Tucked away in the centre of Seoul is one piece of living history- Bukchon hanok village. This 600-year-old neighbourhood, situated north of Cheonggye Stream and between Gyeongbok and Changdeok palaces, once contained several dozen villas housing Seoul’s higher-status officials. In the 1930s, these large villas were subdivided into smaller lots to build smaller hanok (traditional Korean houses), and today Bukchon contains a significant percentage of the 12 000 hanok remaining within Seoul.
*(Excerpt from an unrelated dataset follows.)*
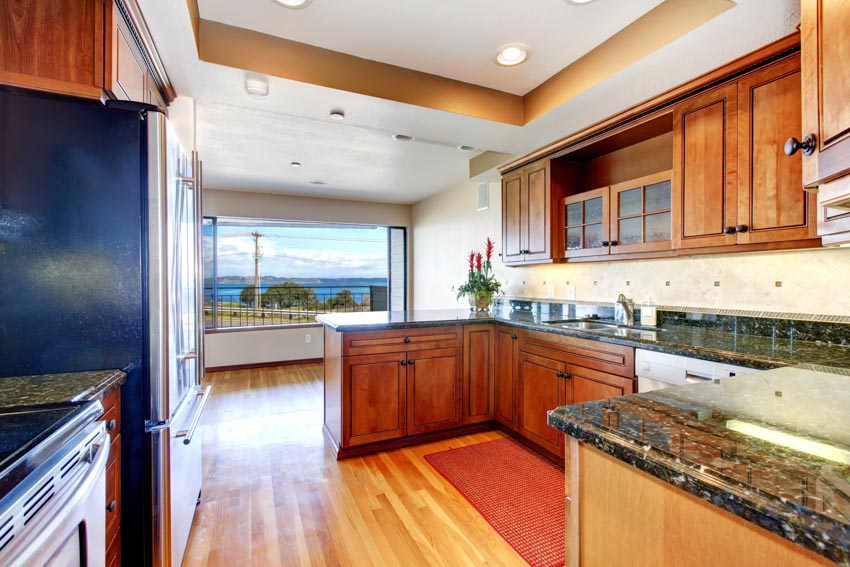 Kitchen with labradorite countertop, wood floor, cabinets, and backsplash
In modern times, the village attracts hundreds of thousands of visitors each year. Many of the hanok have been converted into cultural centres, teahouses and guesthouses, to allow Korean and foreign visitors alike a bit of a window into traditional Korean life. Interestingly, many of the houses are still lived in, which means it is important to not speak too loudly when walking around, and to not try to peer too closely into windows! I spent a sunny February day wandering around the narrow alleys of Bukchon. It was a wonderfully unique part of Seoul and full of unique little features to capture on camera. There are also quite a few stores offering souvenirs and other items. Nearby Samcheong-dong alleyway offers hot lattes, burgers, or bowl of kimchijjigae if one needs a break from sightseeing.
If you’re interested in visiting Bukchon, take exit 2 at Anguk station, and walk straight ahead for about 300 metres. There’s tonnes to see and do, and because of Bukchon’s central location, it’s easy enough to also visit Gyeongbok Palace, Cheonggye stream, Insa-dong, and other nearby attractions in the same day.